While product managers may have some sort of exposure to the technological field, it is not a requirement for them to know how to code or have work experience on technological sites. 

It is highly preferred for data product managers to have technical insight, since they are expected to work on large data sets, and collaborate with data scientists and data engineers.

  1. Core Skills

Although both data product managers and product managers need to be up to date regarding market research techniques, UX practices, and effective communication mechanisms, there are specific core skills necessary for a technical product manager.

Data product managers, unlike traditional product managers, need to be well-versed in AI, machine learning, data science, data engineering, or coding. 

This is important because it helps them communicate effectively with data scientists and data engineers, as well as operate on large data sets themselves.

  1. Teams

Data product managers work closely with data management teams, like data engineering and data science teams.

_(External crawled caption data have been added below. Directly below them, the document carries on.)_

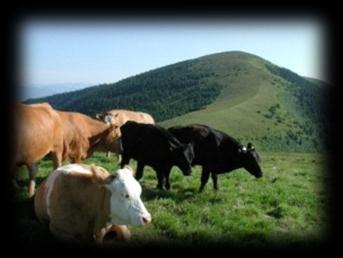 Gipfelsturm auf den Lärchkogel ÜL: Bernd Tauderer Termin: Samstag, 28.09. Uhrzeit: 09.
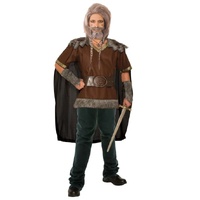 Viking Adult Costume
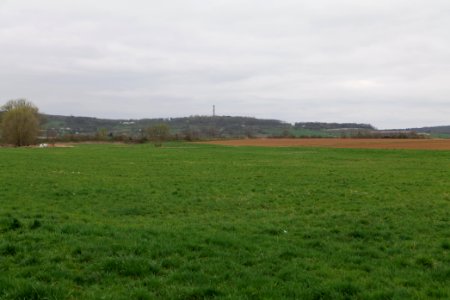 Fields and meadows in Ockstadt 2021-04-02 07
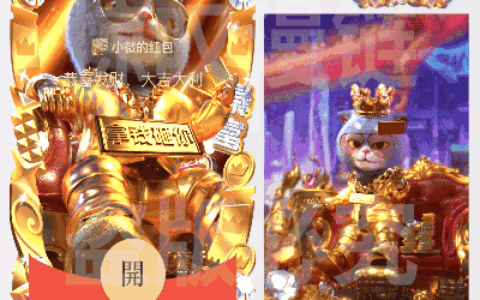 [微信红包封面斑布猫系列]斑布猫/拿钱砸你新款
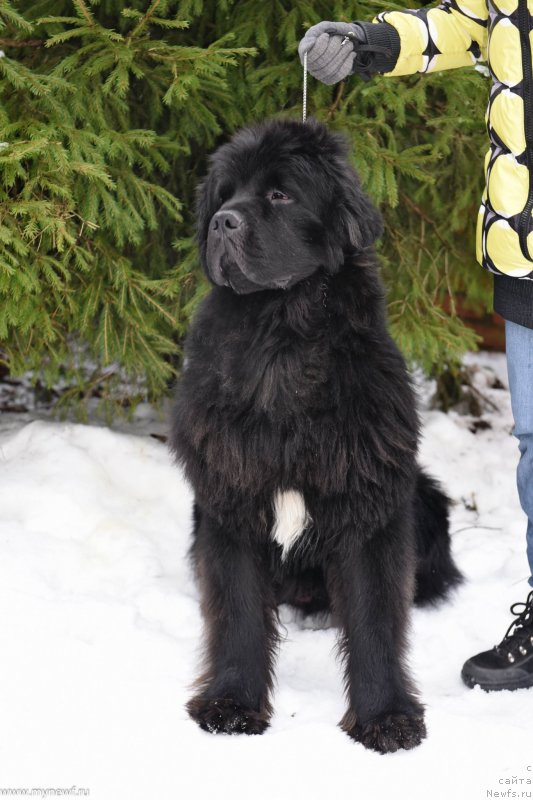 Фотография № 232245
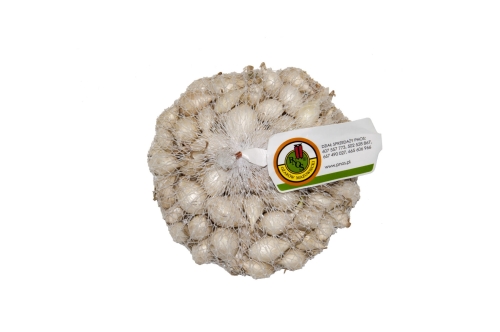 Cebula dymka PNOS biała White Globe 250g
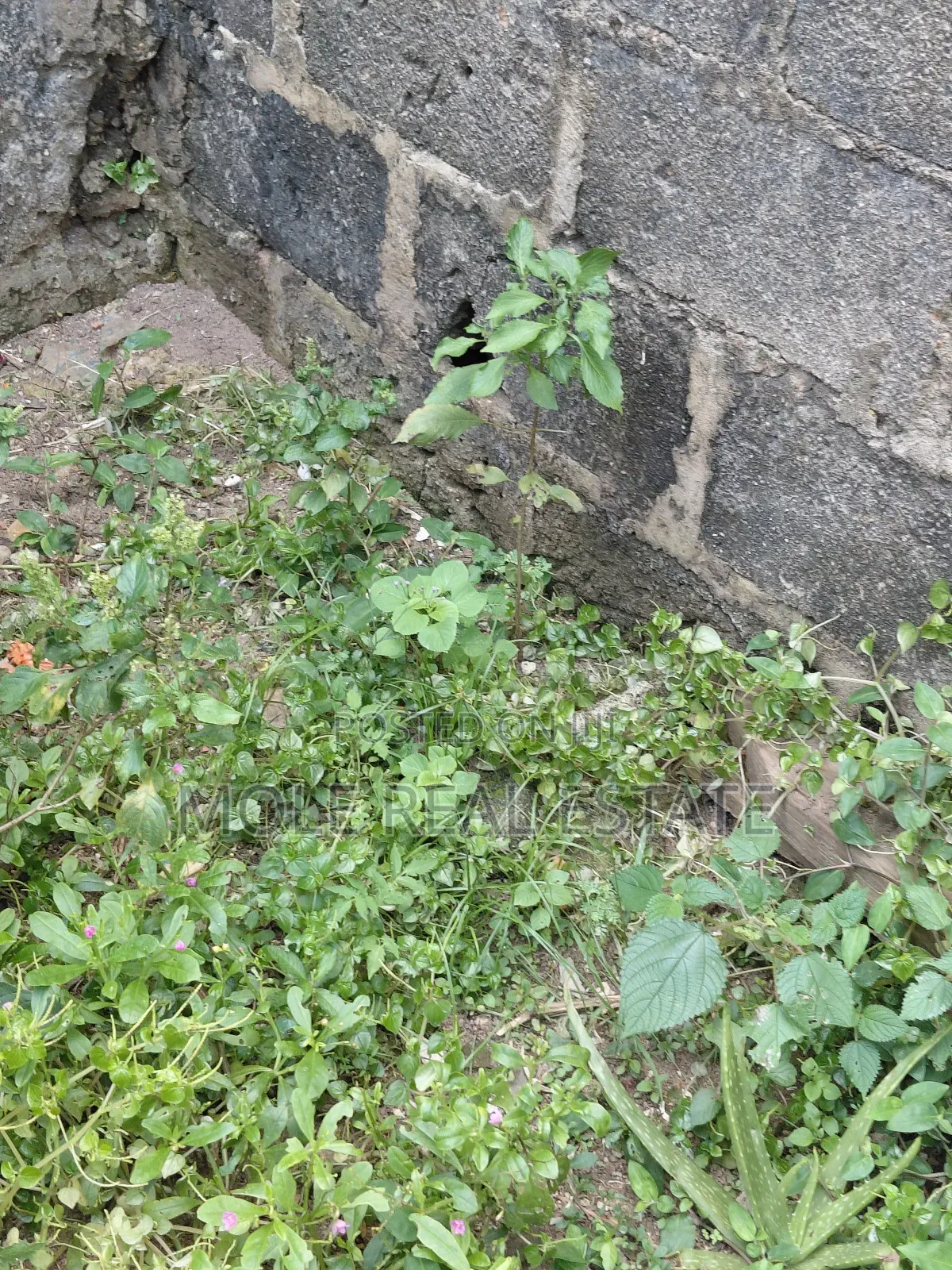 2 Plots Facing Leki Epe Expressway Lakowe in Lakowe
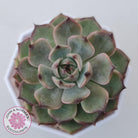 Echeveria Blue Enchantress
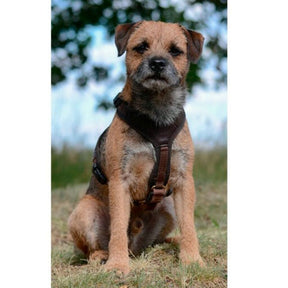 Arnés para perro de rastro NIGGELOH Follow Light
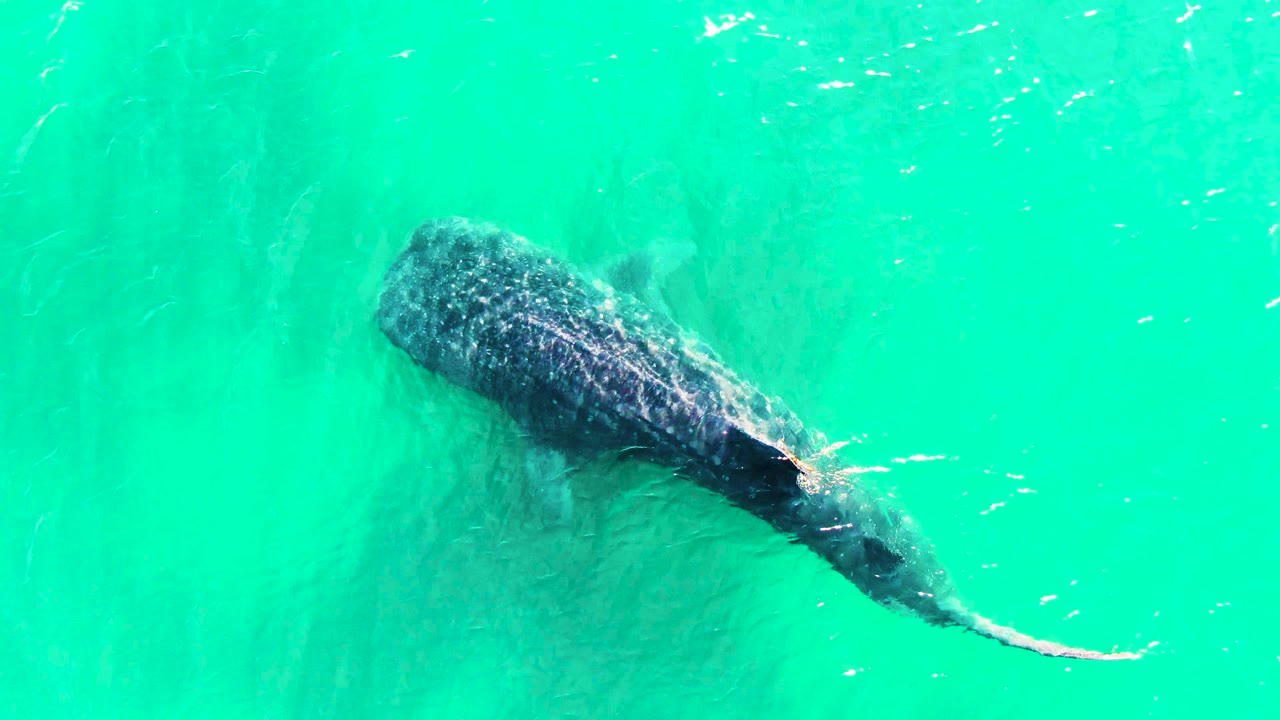 The whale shark appears slightly farther right under rippled turquoise water in Bahia de los Angeles, with scattered small fish and no visible people.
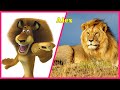 MADAGASCAR Characters IN REAL LIFE WANAPlus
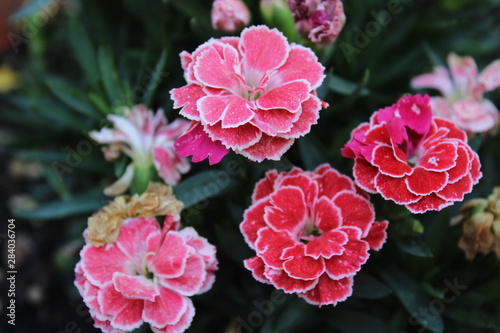 flowers in the garden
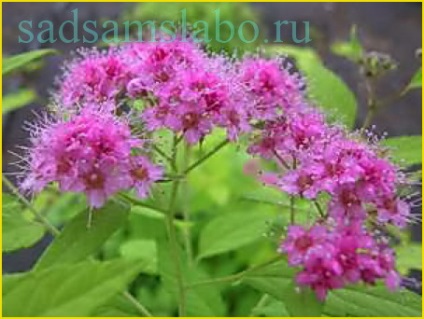 Hârtie spiraea, fotografie, descriere, plantare, cultivare, îngrijire, aplicare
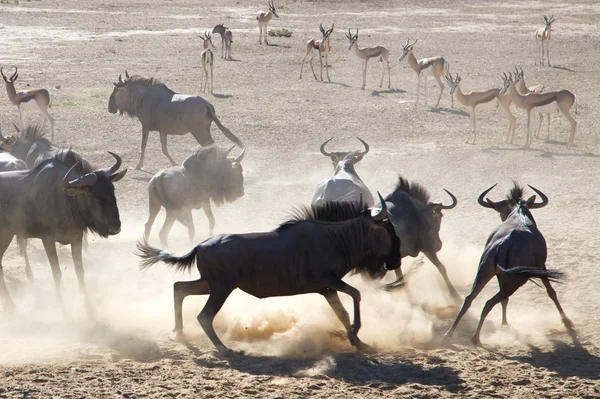 Gruppe blauer wilderer Tiere — Stockfoto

Whereas, a traditional product manager is more concerned with marketing, finance, and customer support teams.

  1. Salary

When it comes to salary, data product managers generally earn more than traditional product managers, because of their skills in IT, data science, and data engineering.

On average, a technical product manager earns $111,140 USD per year. This amount can vary between $71,000 USD and $175,000 USD per year. In comparison, a traditional product manager earns roughly $96,552 USD per year.

Conclusion

For a company to thrive in today’s competitive business world, it must gain a loyal customer base by developing products that cater to consumer preferences. To do that, business owners need to be familiar with customer needs, and for that they need data.

This is why data product management is essential when it comes to developing products that are sure to be loved by customers. 

Data product management enables companies to collect information regarding customer tastes and market trends and interpret that data to determine changes that can be made in their product design.